Sin triunfo no hay nada: el efecto adverso de México 86
Conviene poner a salvo a la selección del 86. Ninguna crítica a ese equipo campeón, todo lo contrario. Simplemente, es la reseña de que a partir de ese triunfo se impuso un mensaje que necesitaba ganar para no morir. Un mensaje con alta dosis de crueldad, pero muy sencillo de digerir: ¿quién puede despreciar la victoria? México 86 consiguió una enorme caja de resonancia en un país que apenas había salido una sola vez de los campeonatos morales. Y como muy pocos analizan los valores en el éxito, la fidelidad parece irrompible. Salvo por el paso del tiempo que, finalmente, pone en evidencia los malestares del legado. Porque México 86 también sembró una herencia de salubridad muy discutible.
Desde ese triunfo, se postularon las premisas de una nueva tendencia: el bilardismo. Su donación por excelencia fue la importancia única de la victoria y la vergüenza de la derrota. Treinta años después, sus daños bañan la actualidad: tres subcampeonatos consecutivos del seleccionado parecen indignos. Entronizar a los ganadores ha difuminado la frontera entre el bien y el mal. Todavía hoy Bilardo grita a quien lo quiera escuchar: "Del segundo nadie se acuerda. Yo no conservo ninguna medalla de segundo puesto. El segundo es el primero de los perdedores". Únicamente se trata de medir todo en función de lo que se gana y lo que se pierde. Una peligrosa distorsión que desde la conquista en México profundizó una corrosiva invasión.
Y desde ahí produjo un daño muy superior a los beneficios de sus logros. Vació de contenido la discusión. Si todo se mide con los valores absolutos de gano/sirvo, pierdo/no sirvo, no hay manera. No se puede oponer ningún argumento razonable a ese enunciado, porque pierde. Luego, Italia 90 hasta intentó legitimar la trampa. "Aquello fue un fracaso", insiste Bilardo desde su mentalidad. Y esta vez acierta: fue un fracaso. No por perder en la final ante Alemania con un discutido penal, sino porque el recorrido hasta el desenlace estuvo tapizado de deslealtades y victimismos.

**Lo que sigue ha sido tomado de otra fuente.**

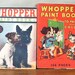 Vintage Coloring Books, Color and Paint, 1930s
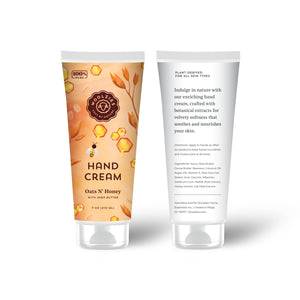 7oz. Oats & Honey Hand Cream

En cualquier caso, lo que no consiguió el bilardismo fue el triunfo cultural. Porque si bien la cultura del éxito seduce al auditorio, lo afilia inmediatamente, luego se suceden los sinsabores. Se derrumban algunas máscaras. Porque ya no hay contenido. Si no hay triunfo, no hay nada. Y atención aquí, porque en los ocho años de gestión de Bilardo entre 1983 y 1990, la Argentina ganó 28 partidos y perdió 23. Una singularidad estadística fuertemente relacionada con la presencia o la ausencia de Diego Maradona en el equipo. Entre las Copas América de 1987 (en la Argentina) y de 1989 (en Brasil), la selección sólo venció en tres de los 11 partidos que disputó. Entre ambos mundiales, México 86 e Italia 90, la Argentina apenas conquistó seis de los 30 encuentros que jugó, entre oficiales y amistosos. Anticipando lo que Bilardo condenaría luego como fracaso.

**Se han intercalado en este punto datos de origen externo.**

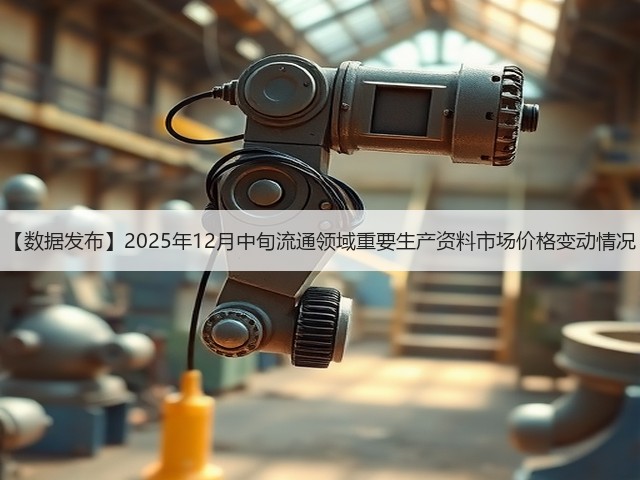 【数据发布】2025年12月中旬流通领域重要生产资料市场价格变动情况(图3)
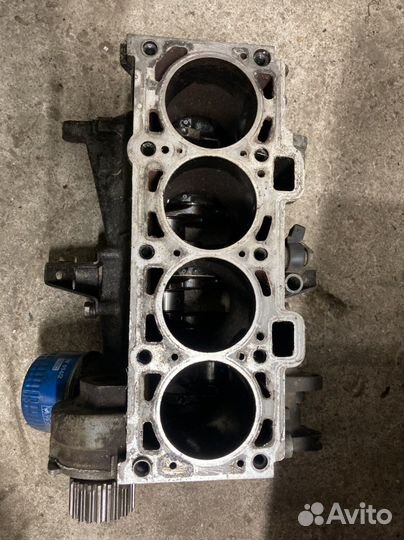 Блок двигателя 16v в классику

Entonces vuelven algunas viejas ideas. Y regresan con una forma diferente de la original –cuando históricamente fue siempre muy clara la diferencia entre aquello que merecía admiración y aquello que no–, pero regresan. Y aparece la innegociable ambición de Marcelo Bielsa y el noble amateurismo de José Pekerman, para citar un par de referencias loables.
Como siempre, la vocinglería desatada en torno a lo obvio –el fin, ganar– impide el debate sensato y coherente sobre los caminos que conducen a él. Causando en definitiva una perniciosa confusión: con tal de ganar esta Copa América Centenario, a Gerardo Martino ya no le importaba el cómo. Seguramente lo dijo por consideración con sus futbolistas, pero el fútbol no se caracteriza por su piedad.
En México se impuso un mensaje que necesitaba ganar para no morir. Un mensaje con alta dosis de crueldad: ¿quién puede despreciar la victoria?
El título en México le entregó a Julio Grondona las llaves de la AFA a perpetuidad. También su pasaporte hacia la FIFA. Blindó su poder político hasta hacerlo inoxidable. Y Grondona le devolvió su gratitud a Bilardo regalándole un infame protagonismo cuando ya no había necesidad. Bilardo fue el padre de la generación del 86…, que sólo trajo disgustos. Incluido a Maradona como DT de la selección: la idea que sacó de la galera el clan de Sarandí cuando parecía inevitable la convocatoria de Carlos Bianchi para entregarle el comando del equipo nacional.
"Lo que está pasando es mi culpa, yo pedí que les dieran lugar a los del 86. «Acá los tenés», me dijeron; ahora digo que es culpa mía", se sinceró alguna vez. Pero siguió. "Si ganás, está todo bien. Y si perdés, hay que salir por la puerta de atrás", también sentenció. Según su singular criterio, tendría que haberse marchado tras Sudáfrica 2010 o luego de la Copa América 2011. Esa persistencia contra toda lógica le acarreó el último distanciamiento con Maradona, que perdura hasta hoy. Aceptar responsabilidades, pero desentenderse de sus consecuencias: como efecto del resultadismo es por lo menos paradójico.
El espesor de su contenido es lo que hace indestructible y admirable a una escuela. El bilardismo se encargó de autoboicotearse: vale sólo si gana. Él mismo eligió ser una pieza de descarte.